BEGIN

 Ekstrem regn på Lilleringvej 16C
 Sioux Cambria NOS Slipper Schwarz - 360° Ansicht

END
BEGIN

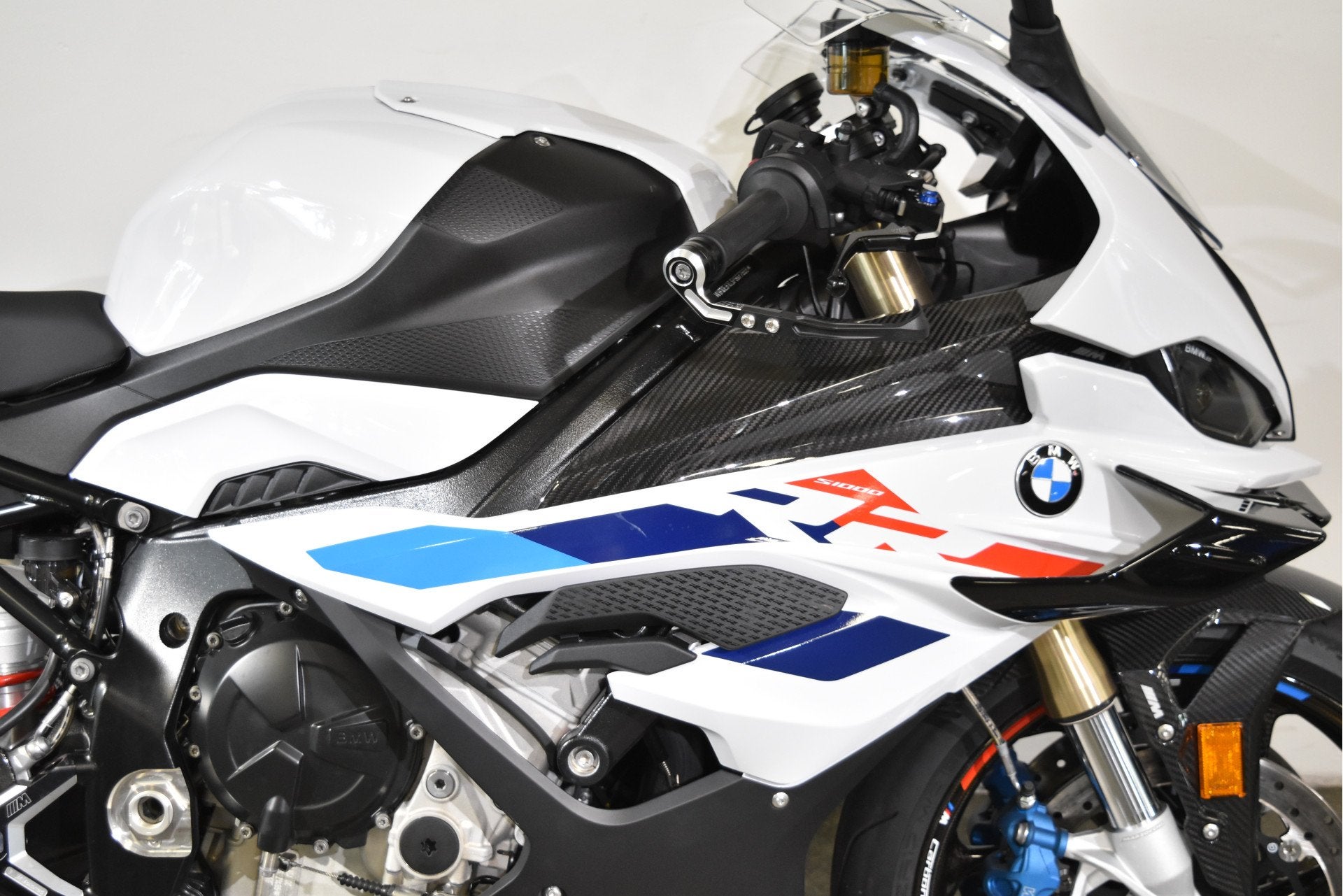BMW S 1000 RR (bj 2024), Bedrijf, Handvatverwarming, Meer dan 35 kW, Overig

END

EXERCISE >> The required answer is the exact run of lines above starting at the line with "Ekstrem regn på Lilleringvej 16C" and ending at the line with "Sioux Cambria NOS", with both ends present.

YOUR RESPONSE >>
 Ekstrem regn på Lilleringvej 16C
 Sioux Cambria NOS Slipper Schwarz - 360° Ansicht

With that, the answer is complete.